Ethics of Autonomous Vehicles: Iyad Rahwan and the Scalable Cooperation group research the potential ethical dilemmas of self-driving vehicles.
DuoSkin, a new user-interface technology from the Living Mobile group in collaboration with Microsoft Research, allows users to create functional, stylish customized devices worn directly on the skin.
Project 305: As part of Opera of the Future’s City Symphonies work, Tod Machover’s group has invited people across Miami to submit sounds and images for an ambitious multimedia orchestral portrait of the city, which will premier in October next year.
This year, the Media Lab also collaborated with Google and other organizations in a special project, called Code Next. This tech launchpad for underserved youth recently launched in Oakland, CA, with another space set to open in Harlem, NY next year.
Kevin Esvelt, who joined our faculty this past January, has quickly established the Sculpting Evolution group as a leading lab for inventing new ways to study and influence the evolution of ecosystems. The MIT Digital Currency Initiative, based at the Media Lab, has a new research director, Neha Narula. Her Medium blog post talks about how cryptocurrencies are key to unlocking the full potential of the Internet.
I’m also pleased to share news of our faculty hires this year: Fadel Adib heads the Lab’s new Signal Kinetics group, which taps into the invisible signals that surround us, such as Wi-Fi. He is focused on inventing technologies that extend human and computer abilities in sensing, communication, and actuation through signals and networks. Canan Dağdeviren will join the Media Lab in January to direct the Conformable Decoders group, whose goal is to convert the patterns of nature and the human body into beneficial signals and energy. She has created a wide range of piezoelectric systems that can be twisted, folded, stretched/flexed, wrapped, implanted onto curvilinear surfaces of the human body without damage or significant alteration in the devices’ performance.
I’m proud to note the recognition of Labbers’ achievements, including:
I also had the honor of sitting down with President Barack Obama in the White House for a special edition of WIRED, guest-edited by the President. Our conversation ran the gamut: from self-driving cars and artificial intelligence, to Star Trek and my SafeCast project.
And sadly, we pay tribute to two iconic individuals, Marvin Minsky and Seymour Papert, founding members of the Lab who passed away this year.
Marvin was considered a “founding father of artificial intelligence.” His 1985 book, The Society of Mind, is considered a seminal exploration of intellectual structure and function, advancing understanding of the diversity of mechanisms interacting in intelligence and thought. A listing his incredible achievements, however, doesn’t begin to describe what Marvin brought to both the Media Lab and MIT. You always knew you had to be on your toes when Marvin entered a conversation. His originality, humor, and brilliance will be forever ingrained in the culture of the Lab.

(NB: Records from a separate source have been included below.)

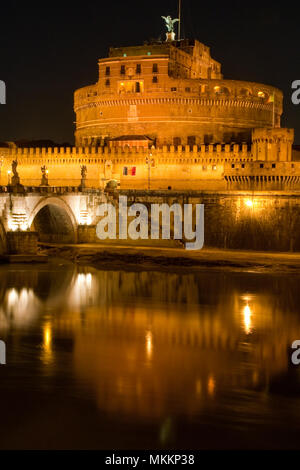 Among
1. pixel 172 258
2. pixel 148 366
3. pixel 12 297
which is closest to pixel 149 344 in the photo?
pixel 148 366

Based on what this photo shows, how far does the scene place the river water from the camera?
1076cm

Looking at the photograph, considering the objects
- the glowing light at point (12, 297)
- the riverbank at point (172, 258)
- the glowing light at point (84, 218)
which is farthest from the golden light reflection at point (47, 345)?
the glowing light at point (84, 218)

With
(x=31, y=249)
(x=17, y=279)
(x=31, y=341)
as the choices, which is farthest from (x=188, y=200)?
(x=31, y=341)

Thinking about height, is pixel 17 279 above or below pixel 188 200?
below

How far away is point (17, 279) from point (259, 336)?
11812 mm

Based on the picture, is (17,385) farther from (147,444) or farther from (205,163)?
(205,163)

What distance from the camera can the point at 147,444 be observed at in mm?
10320

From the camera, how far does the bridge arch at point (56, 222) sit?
117ft

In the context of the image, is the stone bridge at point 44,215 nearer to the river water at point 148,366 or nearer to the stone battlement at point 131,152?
the river water at point 148,366

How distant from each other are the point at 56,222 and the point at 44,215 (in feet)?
2.67

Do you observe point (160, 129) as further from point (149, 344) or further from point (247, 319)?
point (149, 344)

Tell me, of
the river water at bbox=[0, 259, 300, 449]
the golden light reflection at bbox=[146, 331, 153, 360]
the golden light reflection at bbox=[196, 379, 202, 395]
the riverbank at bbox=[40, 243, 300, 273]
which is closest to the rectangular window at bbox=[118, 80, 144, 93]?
the riverbank at bbox=[40, 243, 300, 273]

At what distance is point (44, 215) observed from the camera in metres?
37.3

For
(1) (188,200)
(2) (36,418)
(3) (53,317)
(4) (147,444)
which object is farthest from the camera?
(1) (188,200) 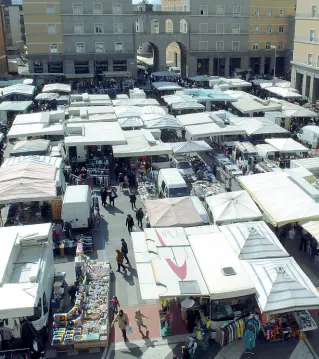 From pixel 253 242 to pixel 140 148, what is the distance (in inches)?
451

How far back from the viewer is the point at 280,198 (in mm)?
17188

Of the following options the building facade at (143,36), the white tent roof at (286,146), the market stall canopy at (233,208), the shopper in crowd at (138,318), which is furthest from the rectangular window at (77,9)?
the shopper in crowd at (138,318)

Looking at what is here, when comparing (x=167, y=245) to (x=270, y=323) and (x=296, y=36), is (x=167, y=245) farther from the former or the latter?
(x=296, y=36)

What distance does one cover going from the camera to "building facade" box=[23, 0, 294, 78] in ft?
178

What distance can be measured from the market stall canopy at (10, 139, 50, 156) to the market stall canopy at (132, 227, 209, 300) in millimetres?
11234

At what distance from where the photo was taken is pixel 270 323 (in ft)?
40.3

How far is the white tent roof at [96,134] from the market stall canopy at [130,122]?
0.83 meters

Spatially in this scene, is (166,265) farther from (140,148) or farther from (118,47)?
(118,47)

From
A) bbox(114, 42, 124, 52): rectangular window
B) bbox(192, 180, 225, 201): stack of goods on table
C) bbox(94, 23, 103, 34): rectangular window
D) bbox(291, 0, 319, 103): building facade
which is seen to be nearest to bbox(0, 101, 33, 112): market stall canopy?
bbox(192, 180, 225, 201): stack of goods on table

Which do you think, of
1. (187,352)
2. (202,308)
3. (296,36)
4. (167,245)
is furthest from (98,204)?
(296,36)

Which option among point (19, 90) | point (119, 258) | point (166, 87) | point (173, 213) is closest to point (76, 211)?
point (119, 258)

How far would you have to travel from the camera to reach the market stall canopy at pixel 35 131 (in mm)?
26219

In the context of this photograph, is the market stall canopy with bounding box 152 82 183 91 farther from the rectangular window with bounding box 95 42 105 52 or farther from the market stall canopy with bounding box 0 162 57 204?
the market stall canopy with bounding box 0 162 57 204

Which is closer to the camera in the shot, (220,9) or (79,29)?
(79,29)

Much to my regret, I never had the opportunity to meet Seymour, but like Marvin, he left an indelible mark on the Lab. He was a brilliant mathematician and pioneer of constructionist learning whose ideas and inventions transformed how millions of children around the world create and learn, empowering them to experiment, explore, and express themselves.

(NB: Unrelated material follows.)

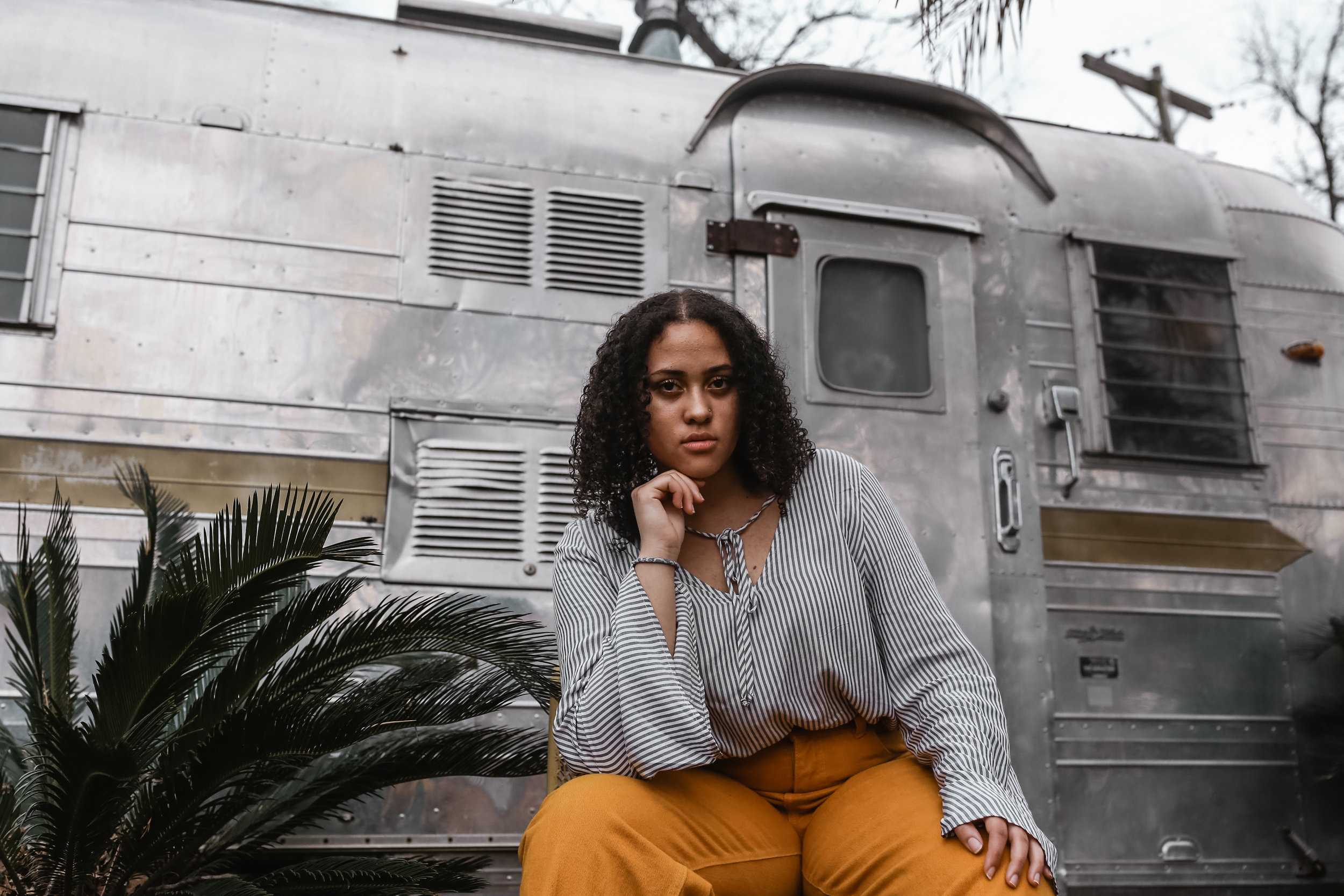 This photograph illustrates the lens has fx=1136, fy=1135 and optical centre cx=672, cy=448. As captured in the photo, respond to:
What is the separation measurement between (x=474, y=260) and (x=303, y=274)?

We’ve also just learned that Edith Ackermann, an early faculty member at the Lab who worked closely with Seymour, passed away just a few days ago, on December 24, after a battle with cancer. For some 30 years, Edith stayed connected to us as a friend, collaborator, and advisor. She too will be deeply missed.
The legacies of Marvin, Seymour, and Edith endure in the Media Lab, continuing to motivate our mission as we look ahead to 2017. Wishing you all the best for the new year. We’ve got a lot of work to do!
Joi Ito is the director of the Media Lab.